Qualcuno cerca legami fra sessantotto e gli anni di piombo che sarebbero arrivati dopo. Ma francamente, rimane difficile collegare due periodi così distanti nelle motivazioni e nello spirito. A dirimere scetticismi e contraddizioni si potrebbero chiamare in causa parecchi protagonisti, buoni e cattivi maestri, donne e uomini, i quali, ciascuno dal proprio punto di vista racconterebbero la loro verità di quegli anni.
Interessante un’intervista del 2003 rilasciata dal poeta Edoardo Sanguineti a Daniele Piccini sulla rivista Poesia, a proposito del ’68. Interessante, perché nello stesso periodo il poeta insegnò sia a Torino che a Salerno, assistendo, di fatto a due tipi di ’68: «Gli studenti torinesi erano per lo più figli di papà, invece a Salerno moltissimi erano davvero figli di operai e contadini. […] Veniva gente di ogni specie, anche da parte degli insegnanti: persone sensibili all’idea di fare un’università diversa con seminari innovativi, lezioni interdisciplinari. A Torino era impossibile. In effetti io vidi nel movimento studentesco non un’apertura all’università di massa ma un movimento di piccola borghesia. Questa fu anche la ragione per cui accettai volentieri di partecipare alle elezioni politiche con i comunisti proprio a Torino». All’intervistatore che gli chiede se secondo lui, erano richieste giuste, l’ex docente risponde: «C’erano richieste giuste, altre erano estremistiche, come il voto garantito, gli esami collettivi. In più, il movimento studentesco era in lotta con il partito comunista».

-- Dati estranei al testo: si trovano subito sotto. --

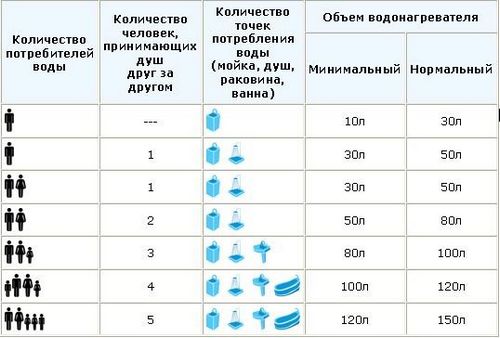 Как устроен накопительный водонагреватель: особенности устройства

Forse dovremmo leggere quelle giornate non come una bella utopia, non come un “epifenomeno” della storia, ma piuttosto come una “rigenerazione”, un “mettersi in cammino”, un “aprirsi al mondo” di tutta la società. In fondo si tratta di un’aspirazione che risale a ben prima di quegli anni, a quando l’uomo ha cominciato a lavorare per guadagnarsi da vivere, a quando la donna ha dovuto trovare la sua dignità. Allora non si chiamavano certo “Movimento operaio”, o “Movimento studentesco” o “Movimento femminista”: ma stiamo sempre parlando della storia degli umiliati e degli sfruttati di ogni ordine e genere.
Un nuovo ’68 non potrebbe ripetersi, credo. O almeno, non con le stesse modalità. Anche perché gli scenari nazionali e internazionali sono cambiati.
Ma forse varrebbe la pena, proprio in funzione dell’ondata d’individualismo e del vuoto culturale che stiamo vivendo, recuperarne almeno lo spirito. Uno spirito che giunse per scuotere le coscienze e rimase nell’immaginario come l’esprit de mai, lo spirito di maggio.